Task instructions. Return only the lines from the one containing "Doris - Nightstand" to the end of the entries below, exactly as written, both ends included.

Entries taken from a collection.

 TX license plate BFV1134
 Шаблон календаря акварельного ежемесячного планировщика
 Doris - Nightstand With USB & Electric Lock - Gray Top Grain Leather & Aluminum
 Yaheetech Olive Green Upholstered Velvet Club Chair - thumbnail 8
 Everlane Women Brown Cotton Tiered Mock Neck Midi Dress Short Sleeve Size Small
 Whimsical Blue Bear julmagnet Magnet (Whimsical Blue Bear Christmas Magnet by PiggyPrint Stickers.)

Exercise solution.
 Doris - Nightstand With USB & Electric Lock - Gray Top Grain Leather & Aluminum
 Yaheetech Olive Green Upholstered Velvet Club Chair - thumbnail 8
 Everlane Women Brown Cotton Tiered Mock Neck Midi Dress Short Sleeve Size Small
 Whimsical Blue Bear julmagnet Magnet (Whimsical Blue Bear Christmas Magnet by PiggyPrint Stickers.)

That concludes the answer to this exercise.